At the height of the recession, Los Angeles officials spent a year and a half wooing a Chinese hi-tech business to open its North America headquarters in the city, with Governor Arnold Schwarzenegger travelling to China to persuade its executives.
When the deal, which included nearly US$2 million in tax subsidies, was announced in 2010, Mayor Antonio Villaraigosa heralded the potential for hundreds of "high-paying green-collar jobs" from the company, BYD, which was looking to sell its electric cars, solar panels and batteries in the US market.
Since then, the company, which has said it will create dozens of jobs in its suburban manufacturing plant, has secured contracts worth more than US$40 million with the Los Angeles and Long Beach transport authorities to produce electric buses that will run on city streets.
But three-and-a-half years after its initial promise, the company has employed fewer than 40 workers in Los Angeles, and at least five of them are Chinese workers there temporarily, being paid in yuan an amount less than US$8 an hour, California's minimum wage. After an investigation this month, state officials fined the company US$100,000 for violating the minimum wage law and failing to provide sufficient documentation of pay.
As state officials continue to court Chinese investment - Governor Jerry Brown travelled to China this year and spoke effusively about the country's role in the state's future - the city's experience with BYD could serve as a cautionary tale. And more important, state investigators say, it could signal a shift in the way multinational companies fill jobs.
The state investigation comes as BYD continues to court transport officials across the country to win contracts for electric buses, in some cases promising that their buses will be manufactured in the United States.
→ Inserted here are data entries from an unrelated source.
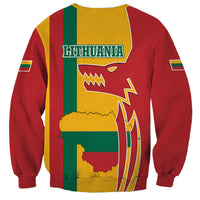 Lithuania Red Sweatshirt with Bold Vytis Cross Design and Tricolor Flag Accents - Wonder Print Shop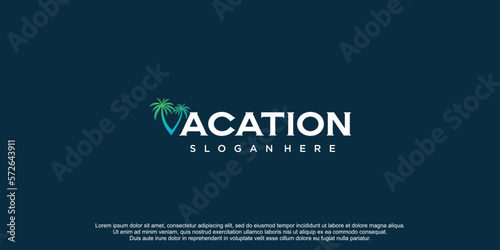 Vacation logo with palm element and unique style concept premium vector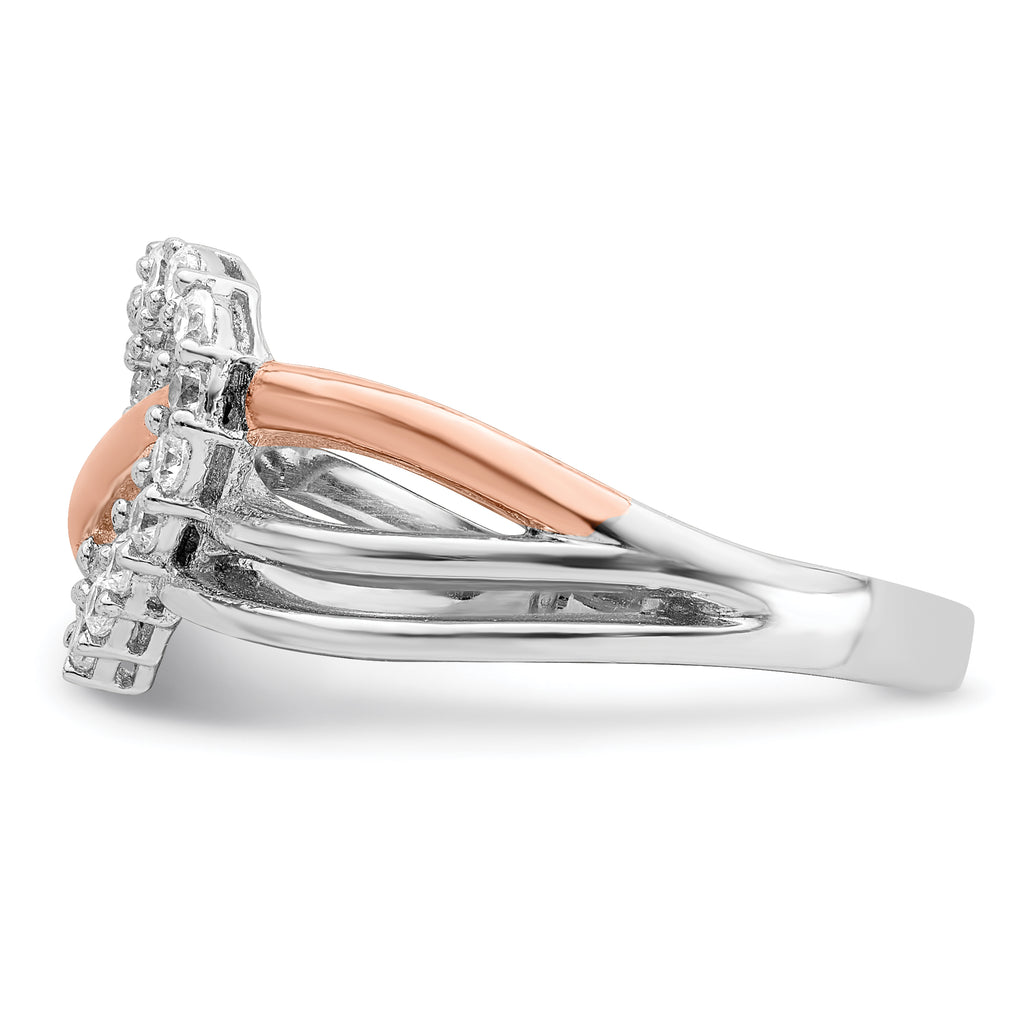 Sterling Silver and Vermeil Polished Cubic Zirconi Heart Ring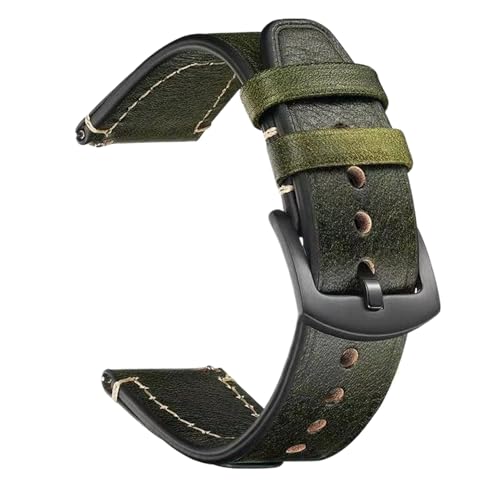 Bihahyj Uhrenarmband aus echtem Leder mit Schnellverschluss, 18mm/20mm/22mm, Farbe 6 Schwarz, 18 mm von Bihahyj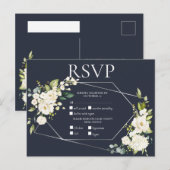 Silver Geometric Blue White Floral RSVP Uitnodiging Briefkaart (Voorkant / Achterkant)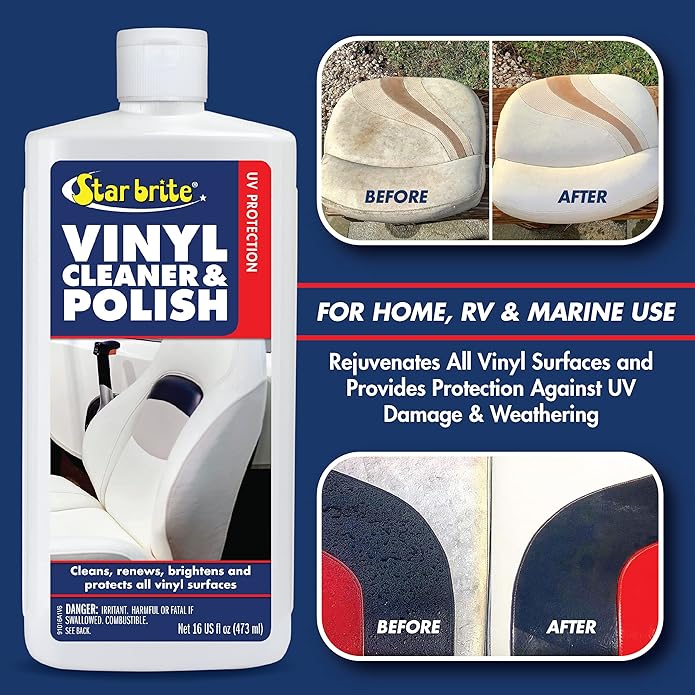 STAR BRITE Vinyl Cleaner, Polish & Protectant - Clean, Renew, Brighten & Protect All Vinyl Surfaces - Marine Grade Shampoo, Polish & UV Protection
"You cannot pay people in Chinese dollars with Chinese standards while they are doing work in America," said Julie Su, the state labour commissioner who ordered the investigation into the company. "If this is the tip of the iceberg, you could see this ruining all kinds of industries."
Officials with BYD - the letters stand for "Build Your Dreams" - say they plan to appeal against the citation, arguing that Chinese workers there on legal work visas are not subject to state labour laws, including the minimum wage.
Michael Austin, a company spokesman, said the Chinese workers would leave the United States within a few months. California labour officials say that, regardless of their visa status, the workers are entitled to the state minimum wage.
Last year, the company won a bid to make 15 buses for the city of Long Beach, which had secured a federal grant to create zero-emission buses. This year, Los Angeles transport officials agreed to buy as many as 25 buses from BYD.
In its proposal, the company said it would hire employees locally - company officials say that, for every bus that is ordered, they need one or two local workers. At the same time, the company is trying to persuade transport agencies to buy the buses by offering up a prototype built at its headquarters in Shenzhen. Last month, the Metropolitan Transportation Authority in New York began testing a BYD all-electric bus along some routes.
BYD officials say they expect to hire more engineers in the coming months and would continue to bring workers from China to help train new employees.
Chinese workers told investigators that they were working in Los Angeles for one to six months, living in dormitory-style housing in the San Gabriel Valley, a heavily Asian suburban area just east of Los Angeles. One worker said they were earning US$1.50 an hour plus a US$50-per-day allowance.
"Workers in this kind of underground economy may not know what their rights are," Su said. "It doesn't matter where a company is based. If an employee is working here, the company has to abide by California law when they're doing work in California. In no scenario is it permissible to cycle people through to get around our state's laws."